Catherine Ashton - High Representative of the Union for Foreign Affairs and Security Policy/Vice-President of the European Commission - was merely parroting European Union policy when she told the European Parliament in Strasbourg on December 30 2009:
“East Jerusalem is occupied territory, together with the rest of the West Bank.”
It was justification enough however for Israel’s Deputy Foreign Minister Danny Ayalon to pen an article in the Wall Street Journal on December 30, 2009 pointing out that Israel considers these territories to be “disputed territories” rather than “occupied territories” - the nomenclature adopted by the United Nations General Assembly and the International Court of Justice.
Mr Ayalon stated the reasons for Israel‘s position as follows:
“That's because the land now known as the West Bank cannot be considered ‘occupied’ in the legal sense of the word as it had not attained recognised sovereignty before Israel's conquest. Contrary to some beliefs there has never been a Palestinian state, and no other nation has ever established Jerusalem as its capital despite it being under Islamic control for hundreds of years.”
Mr Ayalon criticised the perception that:
“... Israel is occupying stolen land and that the Palestinians are the only party with national, legal and historic rights to it.

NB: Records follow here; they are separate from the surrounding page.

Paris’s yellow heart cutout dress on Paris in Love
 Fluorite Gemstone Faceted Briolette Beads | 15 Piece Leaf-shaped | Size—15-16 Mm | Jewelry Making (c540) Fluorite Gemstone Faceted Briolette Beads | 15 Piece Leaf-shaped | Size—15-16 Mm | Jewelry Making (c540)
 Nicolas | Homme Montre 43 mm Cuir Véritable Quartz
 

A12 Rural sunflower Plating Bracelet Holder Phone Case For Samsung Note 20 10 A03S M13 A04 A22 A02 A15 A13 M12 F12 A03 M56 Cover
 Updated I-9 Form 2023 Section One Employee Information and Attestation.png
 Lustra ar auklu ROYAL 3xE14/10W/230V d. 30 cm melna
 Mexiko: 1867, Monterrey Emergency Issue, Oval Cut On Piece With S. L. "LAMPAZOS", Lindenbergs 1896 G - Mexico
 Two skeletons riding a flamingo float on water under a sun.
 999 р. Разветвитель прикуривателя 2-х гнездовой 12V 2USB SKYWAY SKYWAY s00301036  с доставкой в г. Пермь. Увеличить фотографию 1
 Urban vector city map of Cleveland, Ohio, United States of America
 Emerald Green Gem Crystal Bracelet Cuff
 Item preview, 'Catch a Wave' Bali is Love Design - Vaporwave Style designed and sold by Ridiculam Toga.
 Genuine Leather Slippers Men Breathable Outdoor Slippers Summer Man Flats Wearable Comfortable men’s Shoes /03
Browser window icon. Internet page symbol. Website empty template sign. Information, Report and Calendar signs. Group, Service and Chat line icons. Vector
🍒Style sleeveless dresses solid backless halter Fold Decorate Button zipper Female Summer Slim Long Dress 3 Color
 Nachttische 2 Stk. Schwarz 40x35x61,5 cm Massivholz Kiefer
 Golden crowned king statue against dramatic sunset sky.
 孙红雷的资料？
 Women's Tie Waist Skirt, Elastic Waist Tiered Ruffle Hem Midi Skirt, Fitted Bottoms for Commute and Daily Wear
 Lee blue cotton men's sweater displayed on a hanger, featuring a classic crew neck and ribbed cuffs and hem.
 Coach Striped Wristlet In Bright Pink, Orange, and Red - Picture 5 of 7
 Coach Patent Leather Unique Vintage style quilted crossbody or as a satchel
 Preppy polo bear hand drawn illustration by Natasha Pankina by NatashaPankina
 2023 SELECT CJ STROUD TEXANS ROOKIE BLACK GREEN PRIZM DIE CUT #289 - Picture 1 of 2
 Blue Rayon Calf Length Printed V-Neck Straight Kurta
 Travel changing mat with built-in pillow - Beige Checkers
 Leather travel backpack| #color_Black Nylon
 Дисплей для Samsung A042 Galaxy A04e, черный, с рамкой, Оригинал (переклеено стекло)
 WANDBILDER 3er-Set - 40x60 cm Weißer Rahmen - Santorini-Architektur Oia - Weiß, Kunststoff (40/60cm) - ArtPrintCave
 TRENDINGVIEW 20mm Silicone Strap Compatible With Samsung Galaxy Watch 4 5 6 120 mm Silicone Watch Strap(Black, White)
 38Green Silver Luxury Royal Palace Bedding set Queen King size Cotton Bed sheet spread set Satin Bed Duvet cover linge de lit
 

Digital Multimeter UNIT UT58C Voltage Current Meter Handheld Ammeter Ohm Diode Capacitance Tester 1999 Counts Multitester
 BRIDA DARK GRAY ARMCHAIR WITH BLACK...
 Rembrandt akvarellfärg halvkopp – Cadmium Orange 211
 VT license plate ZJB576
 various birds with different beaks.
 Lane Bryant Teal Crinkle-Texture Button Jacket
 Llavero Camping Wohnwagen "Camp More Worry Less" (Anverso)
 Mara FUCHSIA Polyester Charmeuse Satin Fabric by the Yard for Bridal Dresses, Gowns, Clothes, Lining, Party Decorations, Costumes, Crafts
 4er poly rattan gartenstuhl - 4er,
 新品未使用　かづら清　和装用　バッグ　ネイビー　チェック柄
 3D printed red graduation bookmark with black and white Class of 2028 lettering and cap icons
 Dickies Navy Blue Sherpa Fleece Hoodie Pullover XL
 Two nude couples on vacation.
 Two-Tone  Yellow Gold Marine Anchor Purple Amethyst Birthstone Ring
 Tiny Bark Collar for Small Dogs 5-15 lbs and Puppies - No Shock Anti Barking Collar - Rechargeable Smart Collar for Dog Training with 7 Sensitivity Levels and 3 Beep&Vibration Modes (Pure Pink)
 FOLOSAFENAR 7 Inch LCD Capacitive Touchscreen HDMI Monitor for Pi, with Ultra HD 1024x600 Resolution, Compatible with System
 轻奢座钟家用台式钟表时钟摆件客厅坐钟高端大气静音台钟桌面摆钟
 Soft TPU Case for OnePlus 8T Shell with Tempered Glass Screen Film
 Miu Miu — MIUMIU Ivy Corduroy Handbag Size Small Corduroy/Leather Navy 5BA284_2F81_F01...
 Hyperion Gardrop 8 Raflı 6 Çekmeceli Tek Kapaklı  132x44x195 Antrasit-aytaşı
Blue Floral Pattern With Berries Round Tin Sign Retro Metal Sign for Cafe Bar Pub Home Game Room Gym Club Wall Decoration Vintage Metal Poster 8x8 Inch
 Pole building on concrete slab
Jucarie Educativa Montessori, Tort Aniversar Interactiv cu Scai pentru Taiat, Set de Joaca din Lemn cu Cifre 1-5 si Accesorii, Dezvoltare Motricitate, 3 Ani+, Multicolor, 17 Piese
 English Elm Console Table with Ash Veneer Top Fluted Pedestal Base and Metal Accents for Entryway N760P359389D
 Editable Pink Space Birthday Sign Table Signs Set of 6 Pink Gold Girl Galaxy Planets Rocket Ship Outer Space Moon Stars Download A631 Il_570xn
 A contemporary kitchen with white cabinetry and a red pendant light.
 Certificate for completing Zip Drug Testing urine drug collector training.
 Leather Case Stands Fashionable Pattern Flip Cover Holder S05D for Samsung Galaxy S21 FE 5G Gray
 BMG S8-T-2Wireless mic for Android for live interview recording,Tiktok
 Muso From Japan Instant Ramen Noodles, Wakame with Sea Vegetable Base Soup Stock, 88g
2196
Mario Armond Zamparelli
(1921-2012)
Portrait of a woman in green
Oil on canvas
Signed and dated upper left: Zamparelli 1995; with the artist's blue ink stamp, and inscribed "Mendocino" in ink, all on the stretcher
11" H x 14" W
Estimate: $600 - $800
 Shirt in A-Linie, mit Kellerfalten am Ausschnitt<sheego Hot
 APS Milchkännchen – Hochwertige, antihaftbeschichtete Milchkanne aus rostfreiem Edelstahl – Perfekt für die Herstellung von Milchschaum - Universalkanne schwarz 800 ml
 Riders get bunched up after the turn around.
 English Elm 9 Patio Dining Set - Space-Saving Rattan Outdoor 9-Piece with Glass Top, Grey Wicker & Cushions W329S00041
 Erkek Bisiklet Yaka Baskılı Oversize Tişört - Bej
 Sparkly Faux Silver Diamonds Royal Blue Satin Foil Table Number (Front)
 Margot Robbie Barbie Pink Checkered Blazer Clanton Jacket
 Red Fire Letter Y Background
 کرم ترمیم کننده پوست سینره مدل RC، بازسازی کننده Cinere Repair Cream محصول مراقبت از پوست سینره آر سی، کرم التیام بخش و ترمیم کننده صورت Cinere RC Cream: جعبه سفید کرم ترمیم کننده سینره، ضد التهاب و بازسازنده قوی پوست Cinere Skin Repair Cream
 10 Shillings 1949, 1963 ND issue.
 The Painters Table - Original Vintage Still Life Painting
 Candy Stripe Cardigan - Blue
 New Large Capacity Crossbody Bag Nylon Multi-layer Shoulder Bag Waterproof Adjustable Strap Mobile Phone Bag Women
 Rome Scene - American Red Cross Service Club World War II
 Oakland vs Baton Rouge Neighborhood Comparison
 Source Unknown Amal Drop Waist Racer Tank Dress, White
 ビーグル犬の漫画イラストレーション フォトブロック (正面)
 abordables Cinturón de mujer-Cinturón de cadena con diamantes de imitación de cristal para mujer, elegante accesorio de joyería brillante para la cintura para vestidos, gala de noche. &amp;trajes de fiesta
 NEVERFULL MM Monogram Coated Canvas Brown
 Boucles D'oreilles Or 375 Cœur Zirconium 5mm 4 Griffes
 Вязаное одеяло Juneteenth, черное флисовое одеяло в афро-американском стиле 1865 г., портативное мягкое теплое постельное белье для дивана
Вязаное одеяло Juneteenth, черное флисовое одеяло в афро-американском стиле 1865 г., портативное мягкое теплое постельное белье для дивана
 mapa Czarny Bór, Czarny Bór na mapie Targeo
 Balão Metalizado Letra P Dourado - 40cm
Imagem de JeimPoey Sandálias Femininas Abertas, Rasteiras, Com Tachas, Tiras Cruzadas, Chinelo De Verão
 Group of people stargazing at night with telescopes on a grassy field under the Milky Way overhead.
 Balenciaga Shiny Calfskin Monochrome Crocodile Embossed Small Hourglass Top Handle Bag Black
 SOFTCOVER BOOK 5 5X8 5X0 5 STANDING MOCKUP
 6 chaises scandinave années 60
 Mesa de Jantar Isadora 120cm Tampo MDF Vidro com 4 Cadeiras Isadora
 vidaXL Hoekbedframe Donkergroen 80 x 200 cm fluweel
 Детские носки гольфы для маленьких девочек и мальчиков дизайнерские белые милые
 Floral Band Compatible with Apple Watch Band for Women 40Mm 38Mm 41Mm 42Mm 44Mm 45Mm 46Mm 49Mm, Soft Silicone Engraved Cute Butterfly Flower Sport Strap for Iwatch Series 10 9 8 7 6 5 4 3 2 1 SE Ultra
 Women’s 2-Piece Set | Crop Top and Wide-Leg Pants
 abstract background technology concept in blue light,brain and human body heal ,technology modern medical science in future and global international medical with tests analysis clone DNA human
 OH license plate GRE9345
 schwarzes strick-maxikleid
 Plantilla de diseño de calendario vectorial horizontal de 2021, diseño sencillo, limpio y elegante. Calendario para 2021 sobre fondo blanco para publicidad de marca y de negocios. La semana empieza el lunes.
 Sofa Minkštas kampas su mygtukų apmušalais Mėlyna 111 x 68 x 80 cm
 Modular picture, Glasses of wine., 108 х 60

Not only is this morally and factually incorrect, but the more this narrative is being accepted, the less likely the Palestinians feel the need to come to the negotiating table.”
Mr Ayalon was affirming that the West Bank was at present “no man’s land” in which no recognised State - including Israel - had yet attained sovereignty.
The current claimants - Israel on behalf of the Jewish people and the Palestinian Authority (PA) on behalf of the Palestinian Arabs - are yet to finally negotiate on and conclude the allocation of sovereignty between them based on their competing claims.
It was therefore particularly pleasing that Ms Ashton stated:
“Negotiations should be based on international law and respect previous agreements.”
This should be seen as a welcome statement from the European Union since the international law dealing with the legal status of the West Bank and Jewish rights to claim sovereignty there has been consistently and studiously - perhaps even deliberately - overlooked since Israel‘s capture of the West Bank from Jordan in the 1967 Six Day War.